「岐阜に来てるので会いたい」と電話があり、岐阜まで迎えに行った。
昨日は、有名な長良川花火(岐阜新聞)の日。
道は渋滞気味で、長良川の河川敷は人で埋め尽くされていた。
Mくんが震災にあって、父親と岐阜に来たのは11歳のとき。
父親に連れられて転々としていて、学校にも行ってなかった。
2年間岐阜にいて、受け入れてくださるFさんちから学校に通い、
小学校を卒業したが、中学のある日、とつぜん父親といなくなった。
どうしているのだろうと心配していたら、3年前、父親の元を飛び出して、
今度はひとりで、わが家を探して岐阜にやってきた。
成人して、学校に行っていないことに焦りを感じ、このままではいけない
と、父親から離れる決心をしてのことだった。
彼にとって、多くの人の温かさが詰まった岐阜の地は、
忘れられない土地のようだ。
父親は彼を連れて失踪したまま行方知れず。
3年前は、ひと月ほど岐阜にいて、
ずっと彼を探し続けていた大阪の母と兄の連絡先を見つけ出し、
紆余曲折を経て、劇的な再会をはたし、ふるさとに帰っていった。
彼はどこかで生きていると信じ、彼の部屋はそのままにしてあったという。
その後、きちんとした字で年賀状や暑中見舞いを送ってくれていたが、
お世話になった人たちに、と「お土産」持参でやってきた(嬉)。
成長して25歳になったMくんと、3年ぶりに再会した。
無口でただ微笑むだけのかわいい男の子だったが、いまは、
昼は食品会社でアルバイトをしながら、母の家から夜間中学に通っているという。
夜間中学は、戦後補償のために建てられ、在日の人が半数くらい、
中国残留孤児の人や年配の人が多く、若い人はMくんくらいで、
もう夜間中学の役割は終わったということで、
橋下大阪府知事は、今年は補助金のカット、来年には全廃の方針とのこと。
署名運動をしたけれど時期が遅く、政策変更は難しいらしい。
夜間中学生への就学援助、廃止へ 生命線の年2万円(2008.7.26 朝日新聞)
大阪府内には公立の夜間中学が7市に計11あり、日本人、在日韓国・朝鮮人ら約1300人が在籍。半数が60歳以上だ。就学援助は学校教育法で対象が学齢期の子に限られているため、府は71年度から、各市が低所得の生徒を援助する事業に半額を補助してきた。
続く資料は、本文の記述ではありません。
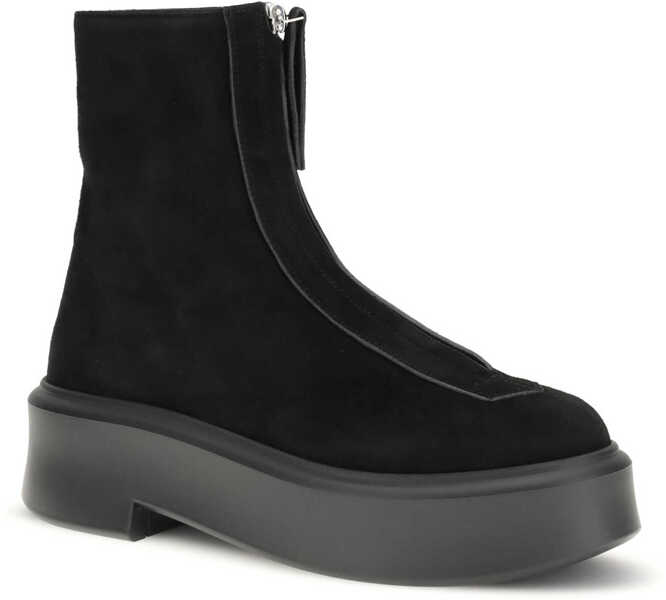 Bocanci casual THE ROW Leather Boots BLACK Femei (BM 19655006) 2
ところが橋下知事は「就学援助は本来、国と市町村が担うべきだ」として、今年度の予算を10%カット、来年度からは補助を廃止するとしている。このため、近畿の夜間中学に通う生徒らが3万4千人分を超える反対署名を集め、6月に知事に提出した。
勉強して夜間中学を卒業したい、というMくんは憤りをこめて
しっかりとした口調で話してくれた。
一度も花火を見たことがないMくんが、花火を見て帰りたい、というので、
お世話になったFさんちを訪ねてから、長良の「さがみ」で夕食を一緒に食べた。
Mくんは、「うな重」をおいしそうに食べていた。
自分で働いてかせいだお金で岐阜に来たという。
朝とつぜん思いついてやってきた、というので、
ゆっくり会いたいから今度は連絡してきてね、と、Mくんを見送った。
帰り道、車のなかから、燃えるような夕焼けを見た。
西の空に広がる夕焼けが、とてもきれいだった。
とおくに、ドンドーンと花火の音がひびいていた。